→ About this exercise
Look below for the line with "S級熟女コンプリートファイル 篠原友香 8時間（2枚組）" and the line with "ヒメ日記 2026/04/15 21:44 投稿 黒井 しろ ホットアロマ". Copy exactly those two lines and every line between, but not the pictures.

→ Supplied records
>>

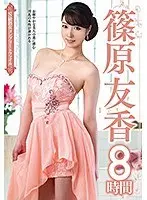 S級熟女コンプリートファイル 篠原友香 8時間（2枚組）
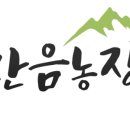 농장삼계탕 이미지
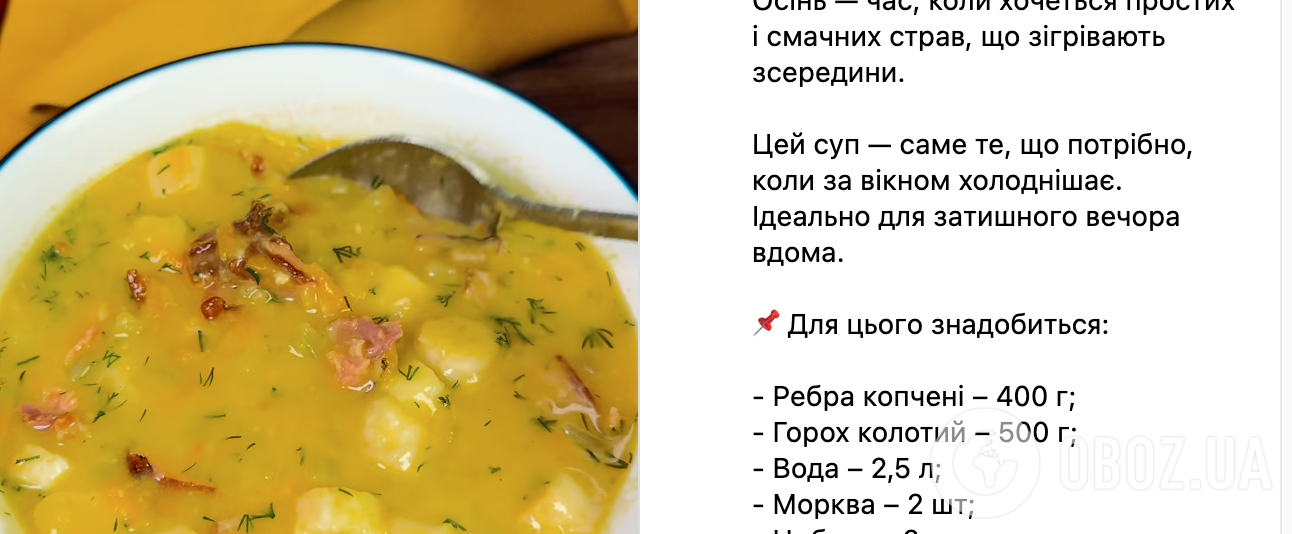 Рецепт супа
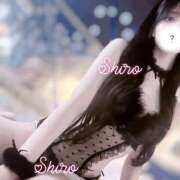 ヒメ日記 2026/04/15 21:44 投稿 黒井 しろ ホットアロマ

<<
>>

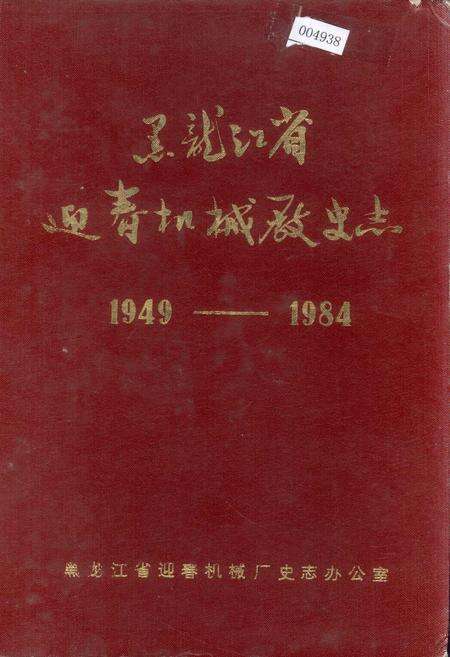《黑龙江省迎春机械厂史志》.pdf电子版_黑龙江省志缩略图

<<
>>

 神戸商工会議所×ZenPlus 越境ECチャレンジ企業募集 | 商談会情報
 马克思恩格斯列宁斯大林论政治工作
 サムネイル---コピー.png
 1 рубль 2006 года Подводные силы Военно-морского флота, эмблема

<<

→ Reply
 S級熟女コンプリートファイル 篠原友香 8時間（2枚組）
 농장삼계탕 이미지
 Рецепт супа
 ヒメ日記 2026/04/15 21:44 投稿 黒井 しろ ホットアロマ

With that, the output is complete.